> EXERCISE PROMPT: Below are some records; return all of them exactly as they are.

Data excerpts
□ □ □ □ □

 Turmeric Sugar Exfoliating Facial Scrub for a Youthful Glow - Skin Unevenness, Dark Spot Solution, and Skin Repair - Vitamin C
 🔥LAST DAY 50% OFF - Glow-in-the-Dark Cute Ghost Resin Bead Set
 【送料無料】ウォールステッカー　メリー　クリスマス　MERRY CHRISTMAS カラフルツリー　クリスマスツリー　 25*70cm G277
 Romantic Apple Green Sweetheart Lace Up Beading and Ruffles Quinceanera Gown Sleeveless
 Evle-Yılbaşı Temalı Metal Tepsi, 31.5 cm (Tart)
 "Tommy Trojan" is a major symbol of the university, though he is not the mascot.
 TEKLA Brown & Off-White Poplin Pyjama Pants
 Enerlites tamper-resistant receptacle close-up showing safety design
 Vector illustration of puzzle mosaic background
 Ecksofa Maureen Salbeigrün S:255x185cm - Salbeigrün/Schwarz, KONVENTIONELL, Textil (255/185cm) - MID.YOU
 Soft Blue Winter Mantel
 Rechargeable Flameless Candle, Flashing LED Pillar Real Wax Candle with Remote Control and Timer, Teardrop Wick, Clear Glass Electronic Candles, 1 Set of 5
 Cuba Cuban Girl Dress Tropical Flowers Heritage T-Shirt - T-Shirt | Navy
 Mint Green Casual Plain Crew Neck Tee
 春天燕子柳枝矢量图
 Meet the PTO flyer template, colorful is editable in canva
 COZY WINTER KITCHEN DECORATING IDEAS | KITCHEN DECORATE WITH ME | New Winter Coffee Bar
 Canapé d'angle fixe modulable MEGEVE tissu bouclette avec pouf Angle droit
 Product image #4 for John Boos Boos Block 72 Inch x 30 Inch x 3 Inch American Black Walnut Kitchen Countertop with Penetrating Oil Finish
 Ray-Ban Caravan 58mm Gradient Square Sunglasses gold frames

□ □ □ □ □

> EXPECTED ANSWER:
 Turmeric Sugar Exfoliating Facial Scrub for a Youthful Glow - Skin Unevenness, Dark Spot Solution, and Skin Repair - Vitamin C
 🔥LAST DAY 50% OFF - Glow-in-the-Dark Cute Ghost Resin Bead Set
 【送料無料】ウォールステッカー　メリー　クリスマス　MERRY CHRISTMAS カラフルツリー　クリスマスツリー　 25*70cm G277
 Romantic Apple Green Sweetheart Lace Up Beading and Ruffles Quinceanera Gown Sleeveless
 Evle-Yılbaşı Temalı Metal Tepsi, 31.5 cm (Tart)
 "Tommy Trojan" is a major symbol of the university, though he is not the mascot.
 TEKLA Brown & Off-White Poplin Pyjama Pants
 Enerlites tamper-resistant receptacle close-up showing safety design
 Vector illustration of puzzle mosaic background
 Ecksofa Maureen Salbeigrün S:255x185cm - Salbeigrün/Schwarz, KONVENTIONELL, Textil (255/185cm) - MID.YOU
 Soft Blue Winter Mantel
 Rechargeable Flameless Candle, Flashing LED Pillar Real Wax Candle with Remote Control and Timer, Teardrop Wick, Clear Glass Electronic Candles, 1 Set of 5
 Cuba Cuban Girl Dress Tropical Flowers Heritage T-Shirt - T-Shirt | Navy
 Mint Green Casual Plain Crew Neck Tee
 春天燕子柳枝矢量图
 Meet the PTO flyer template, colorful is editable in canva
 COZY WINTER KITCHEN DECORATING IDEAS | KITCHEN DECORATE WITH ME | New Winter Coffee Bar
 Canapé d'angle fixe modulable MEGEVE tissu bouclette avec pouf Angle droit
 Product image #4 for John Boos Boos Block 72 Inch x 30 Inch x 3 Inch American Black Walnut Kitchen Countertop with Penetrating Oil Finish
 Ray-Ban Caravan 58mm Gradient Square Sunglasses gold frames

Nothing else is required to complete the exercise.